Aim of the task
Copy each line of the entries below that contains the string "номер".

Record set
BEGIN
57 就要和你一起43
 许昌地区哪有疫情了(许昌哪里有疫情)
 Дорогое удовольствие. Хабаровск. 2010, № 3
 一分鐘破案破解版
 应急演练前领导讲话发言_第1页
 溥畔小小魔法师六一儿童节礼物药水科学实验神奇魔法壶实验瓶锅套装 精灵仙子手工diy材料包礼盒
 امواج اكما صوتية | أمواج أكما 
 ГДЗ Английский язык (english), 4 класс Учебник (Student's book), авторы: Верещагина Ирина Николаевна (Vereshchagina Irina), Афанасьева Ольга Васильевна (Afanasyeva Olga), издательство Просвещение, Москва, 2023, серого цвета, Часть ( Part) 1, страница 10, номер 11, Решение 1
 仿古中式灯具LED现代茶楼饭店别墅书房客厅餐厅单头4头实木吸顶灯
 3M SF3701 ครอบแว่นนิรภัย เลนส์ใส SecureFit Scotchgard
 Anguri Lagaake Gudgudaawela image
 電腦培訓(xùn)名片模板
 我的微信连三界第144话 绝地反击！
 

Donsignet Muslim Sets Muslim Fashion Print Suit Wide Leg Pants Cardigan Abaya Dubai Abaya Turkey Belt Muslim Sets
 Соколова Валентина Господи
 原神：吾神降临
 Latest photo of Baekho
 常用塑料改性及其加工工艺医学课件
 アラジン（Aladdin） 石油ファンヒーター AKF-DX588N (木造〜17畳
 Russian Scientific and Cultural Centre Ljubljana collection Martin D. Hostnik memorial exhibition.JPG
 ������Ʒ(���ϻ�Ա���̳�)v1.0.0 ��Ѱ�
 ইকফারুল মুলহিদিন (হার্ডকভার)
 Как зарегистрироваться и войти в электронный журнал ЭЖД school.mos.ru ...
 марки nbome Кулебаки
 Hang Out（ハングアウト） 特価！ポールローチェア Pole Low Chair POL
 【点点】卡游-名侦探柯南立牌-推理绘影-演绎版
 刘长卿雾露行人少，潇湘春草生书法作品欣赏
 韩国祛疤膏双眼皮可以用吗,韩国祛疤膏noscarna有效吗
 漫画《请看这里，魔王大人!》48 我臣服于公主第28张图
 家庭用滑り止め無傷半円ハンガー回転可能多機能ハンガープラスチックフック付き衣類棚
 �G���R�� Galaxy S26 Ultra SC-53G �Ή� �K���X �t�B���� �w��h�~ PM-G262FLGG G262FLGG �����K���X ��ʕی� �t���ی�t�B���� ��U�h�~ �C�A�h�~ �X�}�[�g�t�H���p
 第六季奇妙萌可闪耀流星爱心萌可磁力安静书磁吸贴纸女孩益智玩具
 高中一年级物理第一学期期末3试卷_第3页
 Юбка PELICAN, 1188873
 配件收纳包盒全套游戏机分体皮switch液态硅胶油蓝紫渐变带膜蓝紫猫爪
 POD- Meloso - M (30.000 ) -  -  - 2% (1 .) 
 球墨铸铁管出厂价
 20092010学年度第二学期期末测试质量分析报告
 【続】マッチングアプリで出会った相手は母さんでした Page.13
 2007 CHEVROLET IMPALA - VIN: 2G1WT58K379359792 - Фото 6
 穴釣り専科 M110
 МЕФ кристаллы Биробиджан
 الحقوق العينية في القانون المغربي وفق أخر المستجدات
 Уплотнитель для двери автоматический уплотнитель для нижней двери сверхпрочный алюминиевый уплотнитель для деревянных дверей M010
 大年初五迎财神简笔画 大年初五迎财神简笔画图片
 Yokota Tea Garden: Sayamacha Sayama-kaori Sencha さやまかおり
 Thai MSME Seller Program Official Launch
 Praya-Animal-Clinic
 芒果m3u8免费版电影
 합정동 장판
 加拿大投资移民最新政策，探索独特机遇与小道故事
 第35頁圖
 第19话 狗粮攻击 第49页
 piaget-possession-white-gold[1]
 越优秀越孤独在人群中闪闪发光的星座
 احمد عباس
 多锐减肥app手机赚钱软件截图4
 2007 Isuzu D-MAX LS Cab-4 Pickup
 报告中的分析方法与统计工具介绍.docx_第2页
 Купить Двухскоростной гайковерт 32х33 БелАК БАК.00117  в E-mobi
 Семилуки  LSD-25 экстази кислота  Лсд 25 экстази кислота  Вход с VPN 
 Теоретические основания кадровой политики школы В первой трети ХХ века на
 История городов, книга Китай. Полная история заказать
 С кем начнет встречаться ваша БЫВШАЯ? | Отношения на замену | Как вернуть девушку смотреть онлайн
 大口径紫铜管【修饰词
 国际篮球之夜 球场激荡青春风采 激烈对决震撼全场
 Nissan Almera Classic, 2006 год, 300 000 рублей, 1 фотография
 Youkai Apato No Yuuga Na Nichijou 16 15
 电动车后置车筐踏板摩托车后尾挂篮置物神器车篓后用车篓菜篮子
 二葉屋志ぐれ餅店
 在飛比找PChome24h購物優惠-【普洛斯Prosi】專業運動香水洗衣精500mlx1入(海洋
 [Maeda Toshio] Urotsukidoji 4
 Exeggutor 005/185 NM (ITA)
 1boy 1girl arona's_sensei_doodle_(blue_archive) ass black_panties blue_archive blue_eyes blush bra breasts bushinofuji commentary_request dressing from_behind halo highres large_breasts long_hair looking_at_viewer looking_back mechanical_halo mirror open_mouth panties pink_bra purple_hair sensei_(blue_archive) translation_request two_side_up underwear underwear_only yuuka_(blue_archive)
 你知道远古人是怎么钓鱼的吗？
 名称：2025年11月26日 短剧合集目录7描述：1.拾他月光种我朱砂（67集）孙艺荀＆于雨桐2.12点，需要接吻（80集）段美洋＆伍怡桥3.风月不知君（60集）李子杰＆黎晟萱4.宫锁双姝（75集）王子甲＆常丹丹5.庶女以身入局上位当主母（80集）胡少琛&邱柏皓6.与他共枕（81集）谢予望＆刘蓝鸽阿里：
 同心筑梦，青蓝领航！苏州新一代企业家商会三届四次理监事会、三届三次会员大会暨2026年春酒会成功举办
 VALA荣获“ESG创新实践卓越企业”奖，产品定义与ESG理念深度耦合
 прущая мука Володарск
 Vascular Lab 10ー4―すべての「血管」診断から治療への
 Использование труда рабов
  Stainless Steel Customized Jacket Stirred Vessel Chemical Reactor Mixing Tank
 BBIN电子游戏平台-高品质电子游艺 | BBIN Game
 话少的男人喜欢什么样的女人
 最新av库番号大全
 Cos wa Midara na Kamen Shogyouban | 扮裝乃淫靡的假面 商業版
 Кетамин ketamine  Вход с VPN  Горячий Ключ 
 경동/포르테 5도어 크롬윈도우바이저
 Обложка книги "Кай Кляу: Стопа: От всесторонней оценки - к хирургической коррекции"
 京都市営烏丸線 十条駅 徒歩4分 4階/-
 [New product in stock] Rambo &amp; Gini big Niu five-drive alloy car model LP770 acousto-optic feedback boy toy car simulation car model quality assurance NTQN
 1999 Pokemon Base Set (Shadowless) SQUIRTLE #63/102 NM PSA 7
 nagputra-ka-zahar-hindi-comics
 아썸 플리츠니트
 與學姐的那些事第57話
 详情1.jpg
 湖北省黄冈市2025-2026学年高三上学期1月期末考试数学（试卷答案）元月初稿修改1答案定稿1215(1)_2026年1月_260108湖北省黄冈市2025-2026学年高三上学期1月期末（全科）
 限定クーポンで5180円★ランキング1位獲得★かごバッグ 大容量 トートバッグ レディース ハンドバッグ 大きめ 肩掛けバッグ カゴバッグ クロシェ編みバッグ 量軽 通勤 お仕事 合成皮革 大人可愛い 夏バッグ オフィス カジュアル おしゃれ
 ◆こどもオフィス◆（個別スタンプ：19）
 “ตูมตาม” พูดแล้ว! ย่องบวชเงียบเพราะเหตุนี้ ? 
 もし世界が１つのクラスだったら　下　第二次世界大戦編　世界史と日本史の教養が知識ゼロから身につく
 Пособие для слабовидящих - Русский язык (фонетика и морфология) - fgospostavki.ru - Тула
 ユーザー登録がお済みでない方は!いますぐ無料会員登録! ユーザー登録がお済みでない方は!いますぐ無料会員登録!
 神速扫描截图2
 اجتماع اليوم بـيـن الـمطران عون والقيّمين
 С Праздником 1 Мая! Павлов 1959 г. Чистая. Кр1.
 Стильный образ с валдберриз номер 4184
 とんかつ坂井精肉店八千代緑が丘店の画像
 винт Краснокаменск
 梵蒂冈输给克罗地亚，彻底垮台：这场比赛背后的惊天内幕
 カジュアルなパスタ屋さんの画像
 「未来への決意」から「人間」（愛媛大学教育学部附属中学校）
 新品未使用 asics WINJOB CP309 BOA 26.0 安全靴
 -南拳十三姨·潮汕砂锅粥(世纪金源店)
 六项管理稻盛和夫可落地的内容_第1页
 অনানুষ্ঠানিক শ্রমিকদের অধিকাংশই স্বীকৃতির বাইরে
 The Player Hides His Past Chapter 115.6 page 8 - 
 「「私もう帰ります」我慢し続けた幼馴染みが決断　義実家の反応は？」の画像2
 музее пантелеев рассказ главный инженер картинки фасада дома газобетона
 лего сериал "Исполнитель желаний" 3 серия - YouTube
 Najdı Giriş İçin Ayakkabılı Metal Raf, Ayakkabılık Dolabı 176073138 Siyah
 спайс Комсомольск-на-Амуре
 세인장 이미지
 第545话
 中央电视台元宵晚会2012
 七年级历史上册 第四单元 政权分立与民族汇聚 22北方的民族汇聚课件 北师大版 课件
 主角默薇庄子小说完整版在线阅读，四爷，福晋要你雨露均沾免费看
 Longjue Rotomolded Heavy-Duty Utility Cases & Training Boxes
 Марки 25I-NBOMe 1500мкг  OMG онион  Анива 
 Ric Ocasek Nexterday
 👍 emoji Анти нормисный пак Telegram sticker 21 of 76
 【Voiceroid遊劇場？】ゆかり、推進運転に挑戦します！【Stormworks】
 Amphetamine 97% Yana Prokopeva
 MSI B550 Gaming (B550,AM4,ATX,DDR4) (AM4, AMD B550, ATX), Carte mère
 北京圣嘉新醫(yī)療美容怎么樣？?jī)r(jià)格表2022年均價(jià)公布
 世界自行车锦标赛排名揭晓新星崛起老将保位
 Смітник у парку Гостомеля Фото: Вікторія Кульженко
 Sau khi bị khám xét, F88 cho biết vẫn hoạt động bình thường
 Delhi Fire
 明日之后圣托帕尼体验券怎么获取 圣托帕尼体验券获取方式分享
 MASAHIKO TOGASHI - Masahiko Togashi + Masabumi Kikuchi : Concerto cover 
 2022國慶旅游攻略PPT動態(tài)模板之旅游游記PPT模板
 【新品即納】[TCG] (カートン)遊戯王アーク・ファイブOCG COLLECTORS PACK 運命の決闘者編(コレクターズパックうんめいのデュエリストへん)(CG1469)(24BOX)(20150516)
END
Solution
 ГДЗ Английский язык (english), 4 класс Учебник (Student's book), авторы: Верещагина Ирина Николаевна (Vereshchagina Irina), Афанасьева Ольга Васильевна (Afanasyeva Olga), издательство Просвещение, Москва, 2023, серого цвета, Часть ( Part) 1, страница 10, номер 11, Решение 1
 Стильный образ с валдберриз номер 4184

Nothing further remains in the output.